Pádua era empregado em repartição dependente do Ministério da Guerra. Não ganhava muito, mas a mulher gastava pouco, e a vida era barata. Demais, a casa em que morava, assobradada como a nossa, posto que menor, era propriedade dele. Comprou-a com a sorte grande que lhe saiu num bilhete de loteria, dez contos de réis. A primeira ideia do Pádua, quando lhe saiu o prêmio, foi comprar um cavalo do Cabo1, um adereço de brilhantes para a mulher, uma sepultura perpétua para a família, mandar vir da Europa alguns pássaros, etc.; mas a mulher, esta D. Fortunata que ali está à porta dos fundos da casa, em pé, falando à filha, alta, forte, cheia como a filha, a mesma cabeça, os mesmos olhos claros, a mulher é que lhe disse que o melhor era comprar a casa e guardar o que sobrasse para acudir às moléstias grandes. Pádua hesitou muito; afinal, teve de ceder aos conselhos de minha mãe, a quem D. Fortunata pediu auxílio. Não foi só nessa ocasião que minha mãe lhes valeu; um dia chegou a salvar a vida do Pádua. Escutai; a anedota é curta.
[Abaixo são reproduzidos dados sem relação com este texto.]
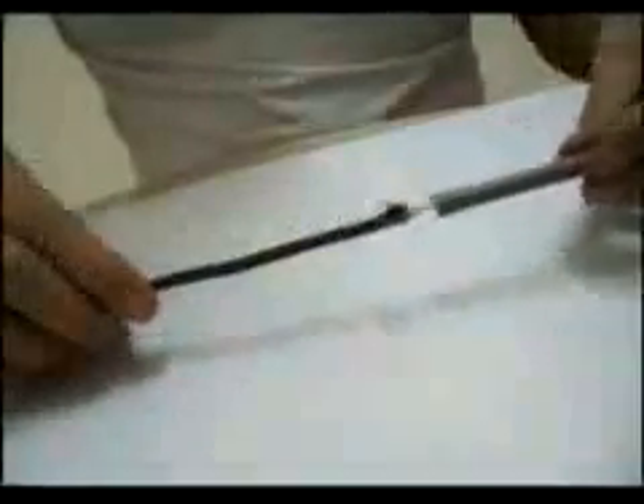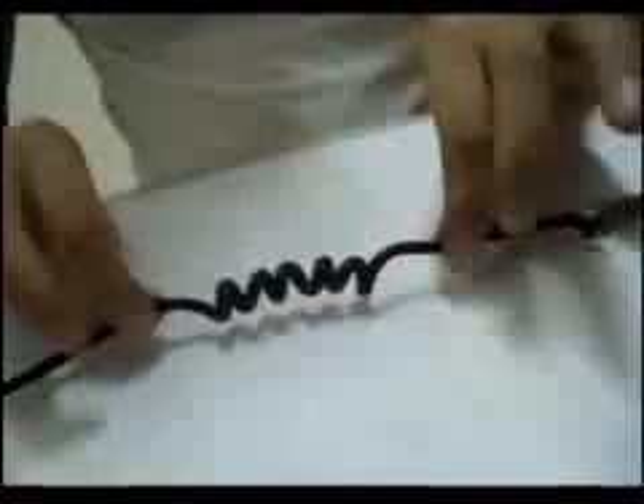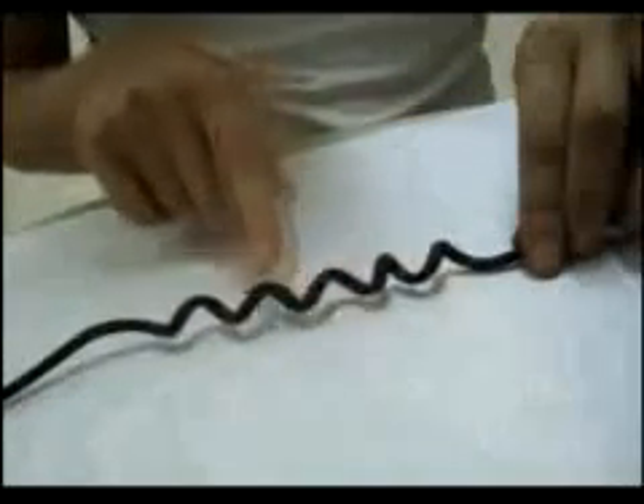Now you should have something that looks like this. Now with the screwdriver, use the end part as a measurement and place it next to the wire and coil the end five to six times around the screwdriver. Then remove the screwdriver and slowly separate the rings by pulling from each side, keeping around half an inch between each ring.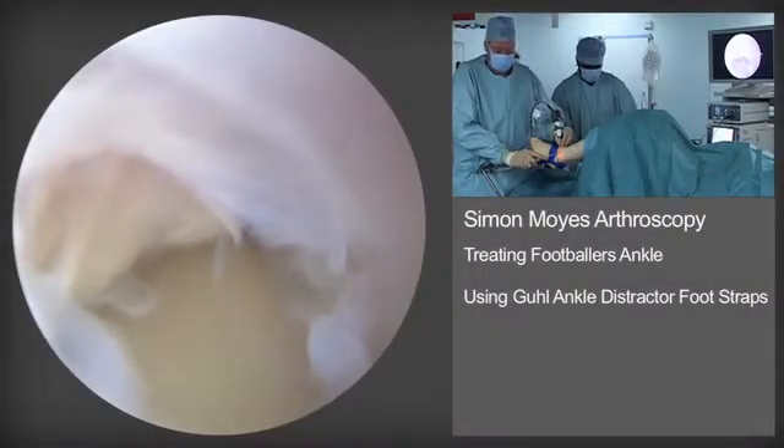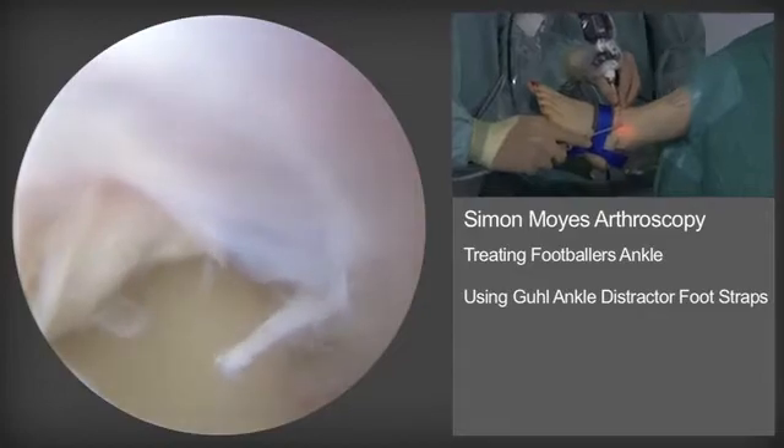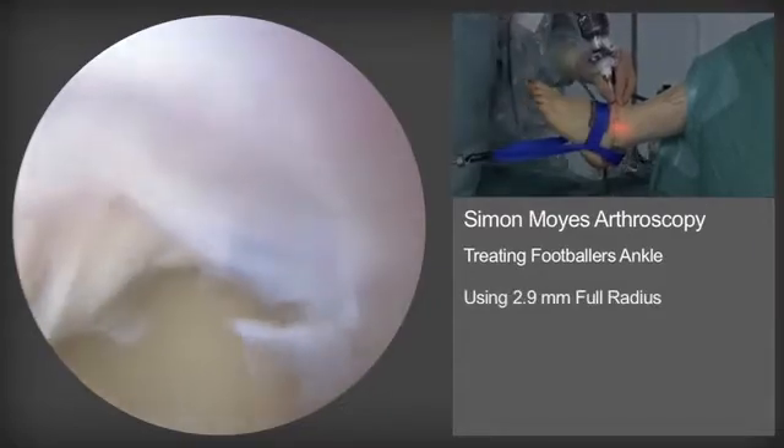Here is arthroscopic surgery of the ankle for footballer's ankle. The camera is viewing through the anteromedial portal, viewing laterally, and we've established an anterolateral portal, avoiding the superficial peroneal nerve.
O administrador da repartição em que Pádua trabalhava teve de ir ao Norte, em comissão. Pádua, ou por ordem regulamentar, ou por especial designação, ficou substituindo o administrador com os respectivos honorários. Esta mudança de fortuna trouxe-lhe certa vertigem; era antes dos dez contos. Não se contentou em reformar a roupa e a copa, atirou-se às despesas supérfluas, deu joias à mulher, nos dias de festas matava um leitão, era visto em teatros, chegou aos sapatos de verniz. Viveu assim vinte e dois meses na suposição de uma eterna interinidade. Uma tarde entrou em nossa casa, aflito e desvairado, ia perder o lugar, porque chegara o efetivo naquela manhã. Pediu à minha mãe que velasse pelas infelizes que deixava; não podia sofrer a desgraça, matava-se. Minha mãe falou-lhe com bondade, mas ele não atendia a coisa nenhuma.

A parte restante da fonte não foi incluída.